Should a line below contain the word "Hotel", report it.

Data excerpts:
--------
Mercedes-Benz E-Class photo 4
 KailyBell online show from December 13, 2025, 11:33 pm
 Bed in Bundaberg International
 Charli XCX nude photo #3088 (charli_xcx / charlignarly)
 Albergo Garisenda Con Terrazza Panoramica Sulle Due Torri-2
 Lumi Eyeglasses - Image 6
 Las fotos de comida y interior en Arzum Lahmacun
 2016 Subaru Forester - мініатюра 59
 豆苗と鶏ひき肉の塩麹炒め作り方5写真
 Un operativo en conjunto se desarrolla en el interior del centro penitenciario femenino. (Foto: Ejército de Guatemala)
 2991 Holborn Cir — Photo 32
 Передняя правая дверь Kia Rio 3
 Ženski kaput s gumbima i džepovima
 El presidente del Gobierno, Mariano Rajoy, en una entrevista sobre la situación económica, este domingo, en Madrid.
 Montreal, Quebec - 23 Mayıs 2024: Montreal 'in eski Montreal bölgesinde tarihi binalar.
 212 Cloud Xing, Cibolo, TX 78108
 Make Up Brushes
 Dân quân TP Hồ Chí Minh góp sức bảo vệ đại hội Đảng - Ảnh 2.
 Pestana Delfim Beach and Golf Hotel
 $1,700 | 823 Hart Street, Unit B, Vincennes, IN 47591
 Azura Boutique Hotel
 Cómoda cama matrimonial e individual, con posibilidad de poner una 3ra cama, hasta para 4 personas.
--------
Exercise output:
 Pestana Delfim Beach and Golf Hotel
 Azura Boutique Hotel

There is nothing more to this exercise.